Four terraces are concealed behind the multi-tonal stone facade of this house in Kuwait – the Arab state with an impressive legacy of Modern architecture (+ slideshow).

Wall House by AGi Architects

Designed by local studio AGi Architects – whose previous projects include a home that produces its own mist – Wall House provides a home for a family in Khaldiya, a suburb of Kuwait City.

Wall House by AGi Architects

Like many houses in the city, the building is designed to provide as much privacy for residents as possible. As such, it has a near-windowless facade, punctured by only a few deep openings.

Wall House by AGi Architects

The property brings in natural light through voids in the roof.

This arrangement made it possible for AGi to create four separate roof patios, which can be used for a variety of functions, including dining, lounging and growing plants.

Wall House by AGi Architects

Externally, the building is entirely clad with stone – a popular choice for Kuwait houses, including a recent example by Massive Order and an earlier AGi project.

Here, the architects chose Pietra Serena stone from Italy, and Val d'Isere stone from France.
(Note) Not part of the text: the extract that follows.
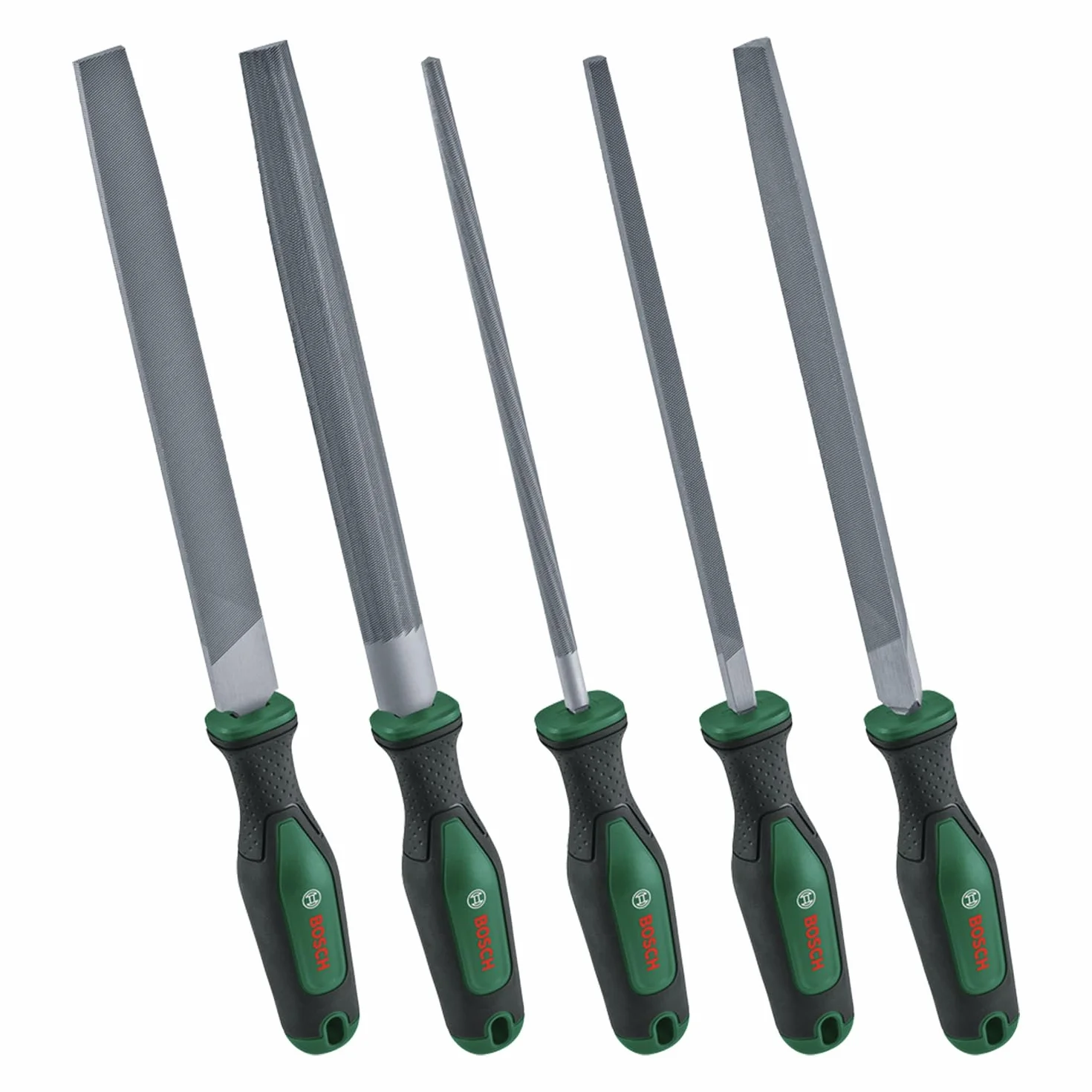 Bosch set di lime 5 pz. (robusto set di lime in metallo, contenente lime rotonde/semiarr./piatte/triang./quadrate; in acciaio al carbonio duro; lungh. stelo 200 mm; taglio medio 2; Softgrip)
Wall House by AGi Architects

"Wall House is the physical expression of a family's life, a large shell protecting everyone that inhabits it," said the design team, which is led by architects Joaquín Pérez-Goicoechea and Nasser B Abulhasan.

Wall House by AGi Architects

"This shell embraces four patios which are developed three dimensionally," they added. "It allows the inhabitants to enjoy infinite freedoms internally."

Wall House by AGi Architects

Inside, the 2,500-square-metre building is divided into three storeys.

The lower level provides a residence for the client couple, the uppermost floor is occupied by their three daughters, and the middle level accommodates communal family spaces.

Wall House by AGi Architects

The voids in the floors provide visual connections between storeys, and also allowed the architects to create small plant-filled courtyards on the ground floor.

There are two living rooms on the middle level – one for entertaining guests and one used more exclusively by the clients.

Wall House by AGi Architects

"Away from any uncomfortable view, the family shares their own private luminous oasis," said AGi.

Wall House by AGi Architects

On the uppermost level, the living space used by the three daughters features its own kitchen area, which can be screened behind wooden panels when not in use.

Three of the four patios are located on this floor, with the fourth set a level below.

Wall House by AGi Architects

"The three daughters can develop their private life around three patios in the highest level of the house," said the architects.

Wall House by AGi Architects

"Cantilevered terraces and gardens are protected by shade, just as in an oasis in the desert," they added. "Vegetation and greenery are able to grow and climb freely on all the different levels."

Wall House by AGi Architects

Kuwait has become a surprising hub of contemporary architecture, thanks a period of prosperity between the 1940s and 1980s that instigated numerous building projects.

Other recent projects in the Arab state include an apartment block with a zigzagging facade and a boxing club. OMA is currently working on plans for a new department store, while Foster + Partners has designed a new airport terminal.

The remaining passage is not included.